The New Yorker Radio Hour:

Rory Stewart, a former Conservative Party Member of Parliament, explains the upcoming U.K. elections, the “catastrophic” Brexit, and the soul-crushing sham of a life in politics.

With David Remnick

On July 4th—while the U.S. celebrates its break from Britain—voters in the United Kingdom will go to the polls and, according to all predictions, oust the current government. The Conservative Party has been in power for fourteen years, presiding over serious economic decline and widespread discontent. Sixty per cent of Britons now think that the narrow, contentious referendum to break away from the European Union was a mistake. Yet the Labour Party shows no inclination to reverse or even mitigate Brexit. If the Conservatives have destroyed their reputation, why won’t Labour move boldly to change the direction of the U.K.? Is the U.K. hopeless?
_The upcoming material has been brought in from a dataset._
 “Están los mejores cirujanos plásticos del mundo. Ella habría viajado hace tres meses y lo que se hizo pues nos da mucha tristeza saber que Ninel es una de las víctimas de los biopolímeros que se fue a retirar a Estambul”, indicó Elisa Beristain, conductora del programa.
David Remnick is joined by Rory Stewart, who spent nine years as a Conservative Member of Parliament, and now co-hosts the podcast “The Rest Is Politics.” He left the government prior to Brexit and wrote his best-selling memoir, “How Not to Be a Politician,” which pulls no punches in describing the soul-crushing sham of serving in office. “It’s not impostor syndrome,” Stewart tells Remnick. “You are literally an impostor, and you’re literally on television all the time claiming to understand things you don’t understand and claiming to control things you don’t control.”